Well, what better way to celebrate Andy Murray’s US Open win than to read about group-government relations in Scotland after devolution? I am co-authoring a second edition of ‘Scottish Politics’ with Neil McGarvey. It will appear in 2013. It includes a significantly revised chapter on ‘pressure politcs’, updated to include the post-2007 SNP era. The main argument is that, while we can identify a ‘Scottish Policy Style’, we should not assume that Scottish and UK policymaking processes necessarily differ. Or, if they do, it may be more to do with Scotland’s size and the Scottish Government’s capacity than a new culture of openness or Scotland’s ‘consensus democracy’ institutions. It focuses on Scotland, but has some things to say about the often-mistaken assumptions we make about UK policymaking (a point expanded on, for example, here – http://onlinelibrary.wiley.com/doi/10.1111/j.1478-9302.2011.00233.x/abstract)(email me if you are struggling for access to the article).
I have copy and pasted the introduction below and you can find the rest here:
“Chapter 5 suggests that the Scottish Parliament did not foster new and effective forms of deliberative and participatory democracy. It highlights the similarities between the Westminster and Holyrood systems and argues that, in both, most policy is formulated outside the legislative arena following regular consultation between govern¬ments and pressure participants such as interest groups. This chapter examines the extent to which that process of policymaking is distinctive in Scotland following devolution. In other words, is there a ‘Scottish Policy Style’? Policy style refers simply to the ways in which governments make and implement policy (Richardson, 1982). It has two dimensions: the way that governments make policy, in consultation with pressure participants; and, the way that they implement policy in partnership with organizations such as local authorities (discussed at more length in chapter 10).
We can identify some hopes for ‘new politics’ in this area, linked to the idea that Scotland is a ‘consensus’ rather than a ‘majoritarian’ democracy (box 7.2). The SCC proposed, albeit in a rather vague way, a new type of pluralist democracy in which consultation with affected interests would be as wide as possible, not only with established interest groups but also previously excluded groups with a limited voice and ability to organise. This push for broader consultation is associated with a monitoring role performed by Scottish Parliament committees who may oblige the Scottish Government to consult far and wide until they are satisfied that all groups have ‘had their say’. This would perhaps help produce a new and improved consultation process between the Scottish Government, Scottish Parliament and a wide range of representative organizations in the community, voluntary sector, professions and business. This inclusion of hitherto excluded sections of society would come at some expense to the ‘usual suspects’, or the larger and better resourced groups which tend to dominate consultation time with government.
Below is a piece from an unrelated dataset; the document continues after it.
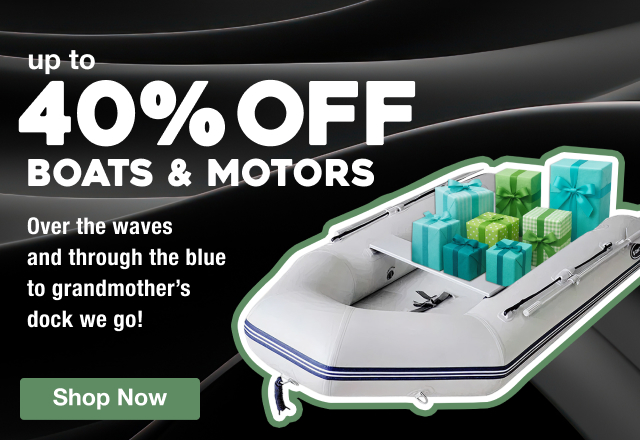 Up to 40% OFF BOATS & MOTORS - Shop Now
The tone of much of these recommendations is based on the idea that new forms of consultation would take Scotland further away from UK policymaking which is relatively ‘top-down’ and based either on a lack of proper consultation or consultation restricted to a small number of powerful groups that squeeze out the competition. Yet, much of the policymaking literature suggests that this image of the UK is a caricature based on minimal evidence. Scotland may have its own policy style, but this is often related to factors unrelated to ‘new politics’ (such as Scotland’s size and the scale of its responsibilities). The recommendations are also perhaps based on the assumption that there can be a Scottish-specific arena in which pressure participants can engage. Rather, organised groups must consider how best to influence policy in an era of ‘multi-level governance’ in which many levels and types of government are involved, from the European Union to local authorities (chapter 9). Further, the role of local authorities has changed since 2007 (chapter 10), prompting many groups to reassess their lobbying strategies.
This chapter discusses:
• The meaning of ‘pluralist democracy’ and the SCC hopes for a new Scottish Policy Style.
• The nature of pressure politics in Scotland.
• The evidence of a difference between Scottish and UK policy styles.
• The strategies of interest groups in Scotland who are faced with uncertainty in the era of multi-level governance.
• The impact of SNP Government since 2007.”